What needs to be done - Below is a listing to repeat exactly, with its pictures left out.

Collected data -
*** Begin section ***

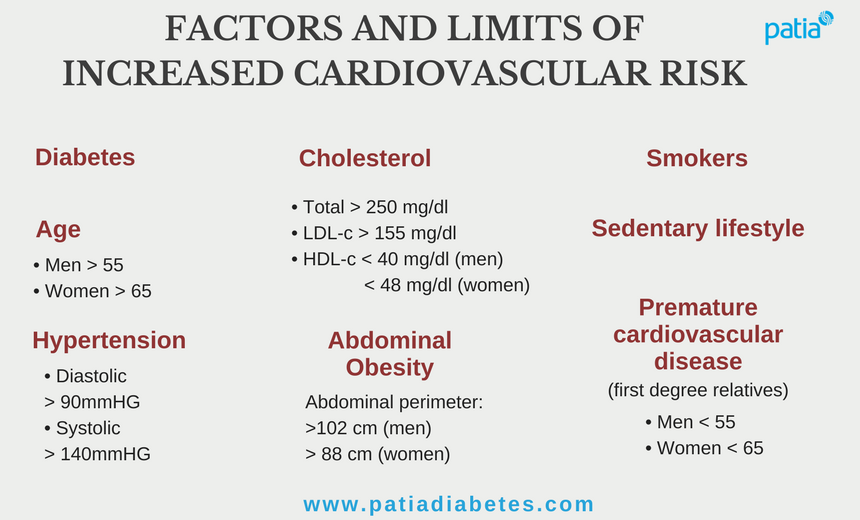 cardiovascular disease and diabetes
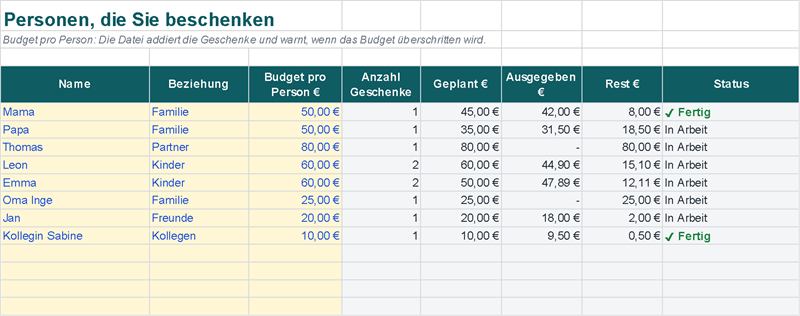 Ein Geschenkbudget für jede Person, mit Status (Beispieldaten)
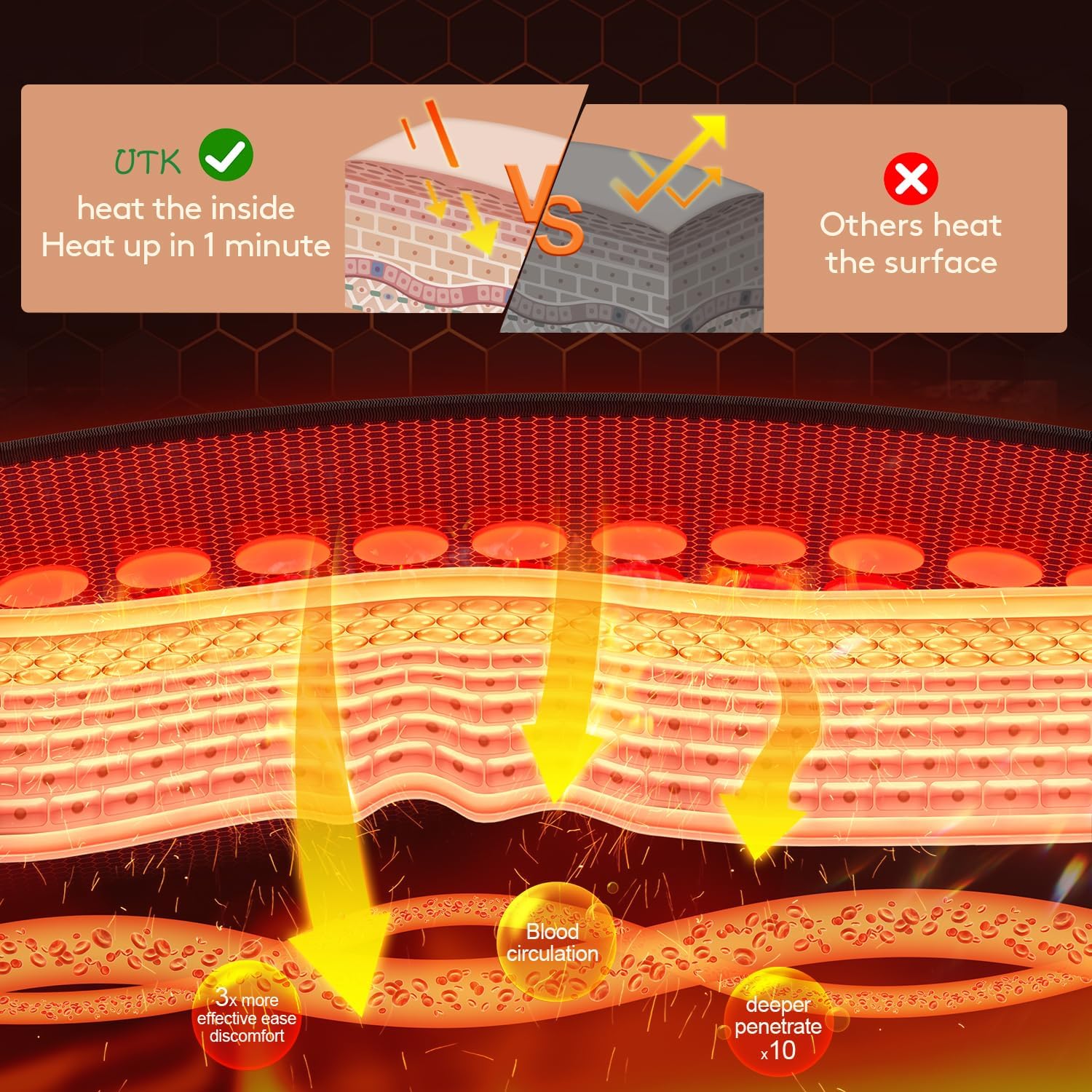 Far Infrared Natural Jade and Tourmaline Heating Pad, 23.5" x 16" iReliev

*** End section ***

Answer below -
 cardiovascular disease and diabetes
 Ein Geschenkbudget für jede Person, mit Status (Beispieldaten)
 Far Infrared Natural Jade and Tourmaline Heating Pad, 23.5" x 16" iReliev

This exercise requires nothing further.